4. Tertiary Treatment/Chemical Addition
From the secondary clarifiers, wastewater goes through a process designed to remove nitrogen and the remaining phosphorus. Methanol is added to the water, which then passes through a sand filter where “bugs” grow. The " bugs" then convert the remaining nitrogen oxides to nitrogen gas.
A 5 percent sodium hypochlorite solution disinfects the water, then another chemical, sodium bisulfite, neutralizes the residual chlorine. Finally, air is diffused into the water to add oxygen so that fish and other life forms can survive in it. This makes the water safe for release through the plant’s outfall into Four Mile Run.
5. Treatment of Solids
Throughout the treatment process, solids that are removed from wastewater must be disposed of in a safe and environmentally friendly manner. The plant ships screenings and scum from the primary treatment process to a solid waste incinerator. The final treatment for sludge includes collecting, thickening and dewatering before disposal. Dewatered sludge then processes through lime stabilization, to reduce pathogens and odors.

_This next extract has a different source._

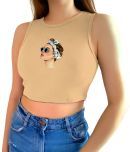 fashion and youth Beige Cotton Blend Women's Crop Top ( Pack of 1 )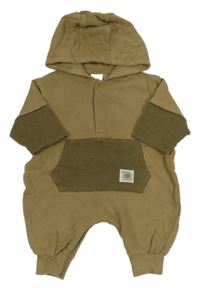 Hnědo-khaki tepláková kombinéza s kapucí Next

The facility produces about 100 wet tons of biosolids each day. Arlington’s biosolids are land-applied on permitted sites throughout rural Virginia. This is one of the largest recycling programs in the County and minimizes the generation of greenhouse gases. The plant’s extensive chemical wet scrubber odor control system removes the bulk of odors that the various primary, dewatering, lime stabilization and truck-loading processes generate.